Data shown: Begin

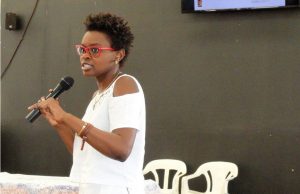 Formação da Comissão Municipal de Direitos Humanos é tema de plenária pública Maria Fernanda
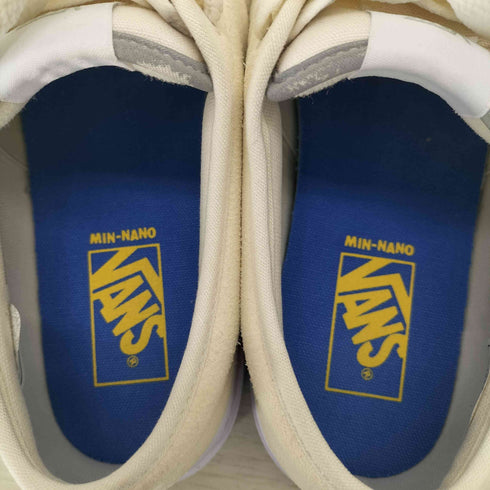 バンズ VANS MIN-NANO V79 メンズ JPN:27.5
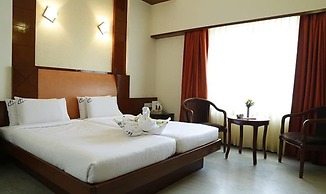 Fabhotel Prime Chennai Deluxe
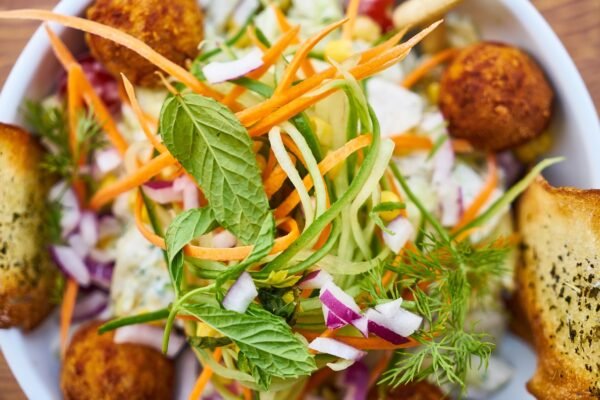 Beyond Food: Crafting Your Dietary Life.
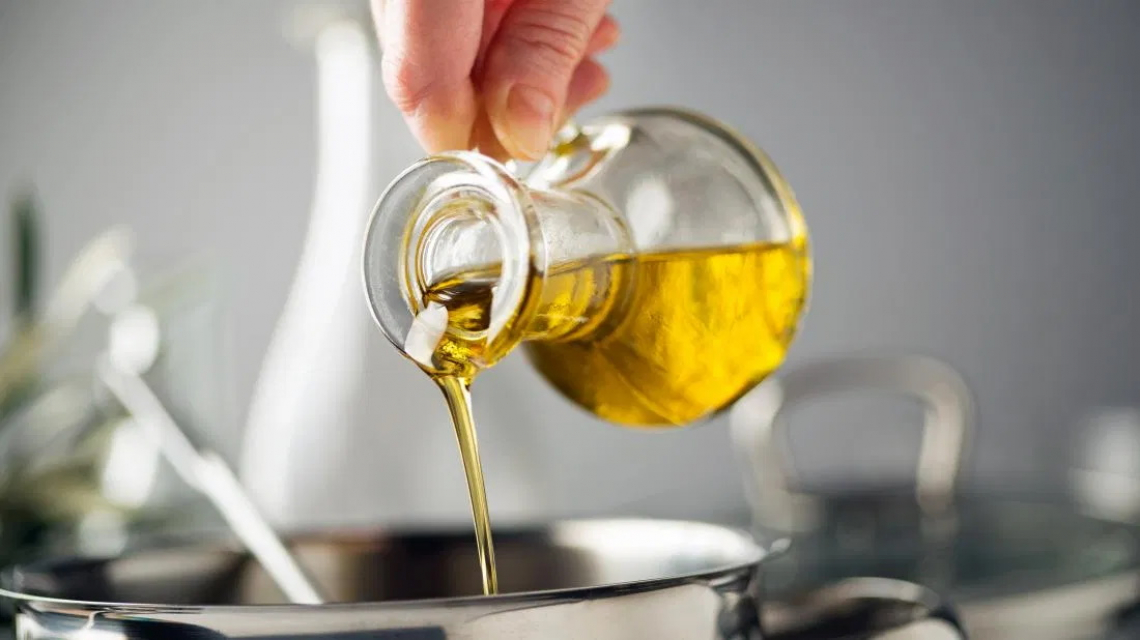 Si consolida il trend nelle vendite di olio extra vergine di oliva italiano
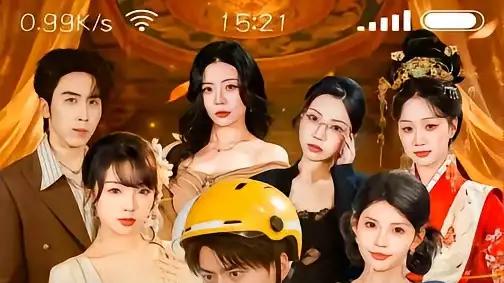 《我在地球竟成了穿越者之祖》穿越热血狂飙，爽感拉满（60集）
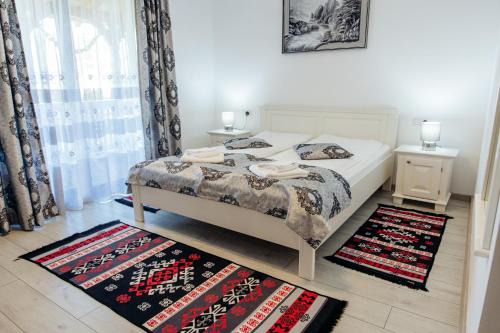 Viseu de Jos House | Casa Alexandru – Locul în care te simți acasă
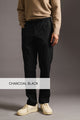 Charcoal Black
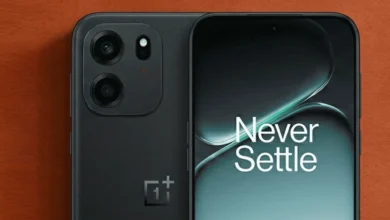 OnePlus Nord CE6 Lite key specs and pricing leaked online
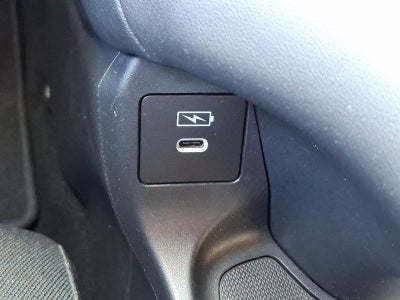 2024 Honda HR-V LX AWD CVT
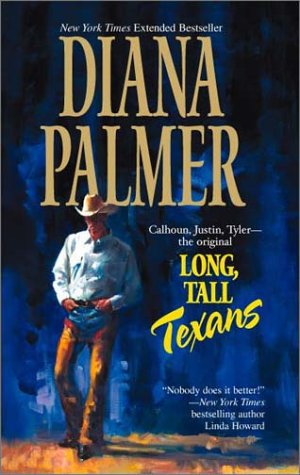 Long, Tall Texans by Diana Palmer, ISBN 9780373484461
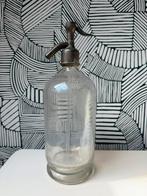Vintage spuitfles brocante waterfles, Antiek en Kunst, Curiosa en Brocante, Ophalen of Verzenden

Data shown: End

Aim of the task:
Without the pictures, copy all of the entries exactly as they appear.

Output of the exercise:
 Formação da Comissão Municipal de Direitos Humanos é tema de plenária pública Maria Fernanda
 バンズ VANS MIN-NANO V79 メンズ JPN:27.5
 Fabhotel Prime Chennai Deluxe
 Beyond Food: Crafting Your Dietary Life.
 Si consolida il trend nelle vendite di olio extra vergine di oliva italiano
 《我在地球竟成了穿越者之祖》穿越热血狂飙，爽感拉满（60集）
 Viseu de Jos House | Casa Alexandru – Locul în care te simți acasă
 Charcoal Black
 OnePlus Nord CE6 Lite key specs and pricing leaked online
 2024 Honda HR-V LX AWD CVT
 Long, Tall Texans by Diana Palmer, ISBN 9780373484461
Vintage spuitfles brocante waterfles, Antiek en Kunst, Curiosa en Brocante, Ophalen of Verzenden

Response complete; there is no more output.